[Opening Data provided section]

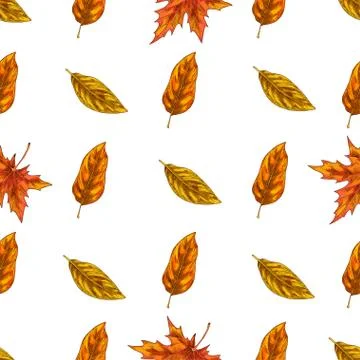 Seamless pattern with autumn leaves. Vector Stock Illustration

[Closing Data provided section]
[Opening Data provided section]

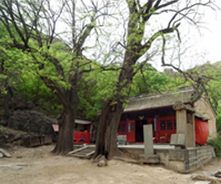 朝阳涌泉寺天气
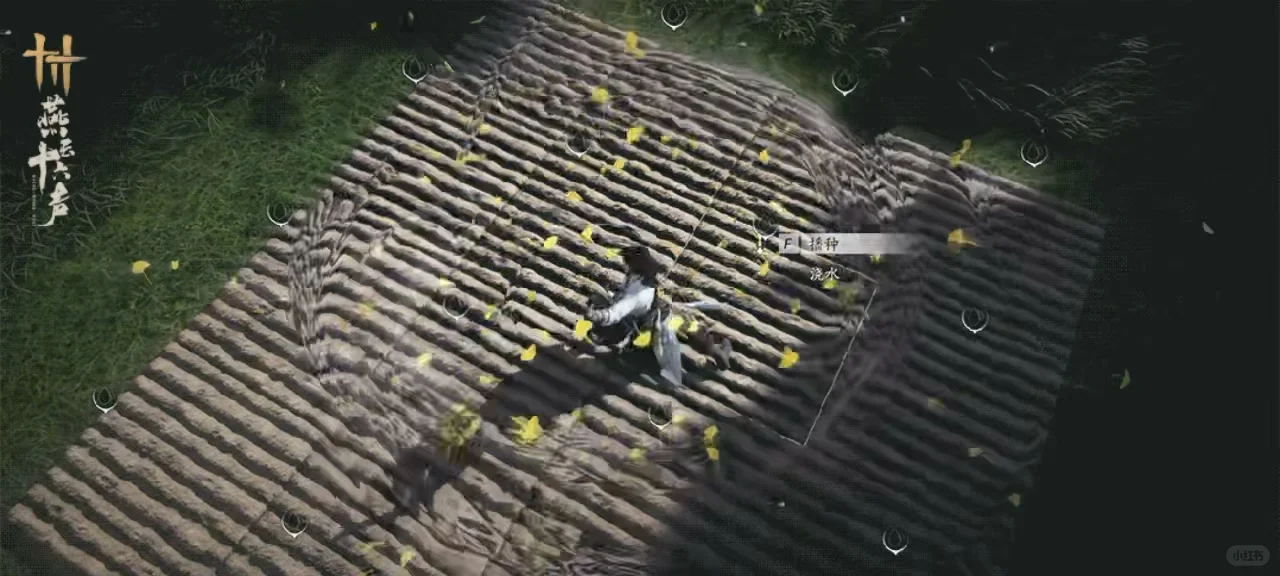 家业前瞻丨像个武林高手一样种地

[Closing Data provided section]
[Opening Data provided section]

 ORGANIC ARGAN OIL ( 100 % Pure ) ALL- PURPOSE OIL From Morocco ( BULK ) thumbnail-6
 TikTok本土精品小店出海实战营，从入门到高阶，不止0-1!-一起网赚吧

[Closing Data provided section]

Your goal → Would you please copy, word for word, everything above from the line containing "ORGANIC ARGAN OIL" down to the line containing "TikTok本土精品小店出海实战营，从入门到高阶，不止0-1!-一起网赚吧", those two lines included?

Result for this task →
 ORGANIC ARGAN OIL ( 100 % Pure ) ALL- PURPOSE OIL From Morocco ( BULK ) thumbnail-6
 TikTok本土精品小店出海实战营，从入门到高阶，不止0-1!-一起网赚吧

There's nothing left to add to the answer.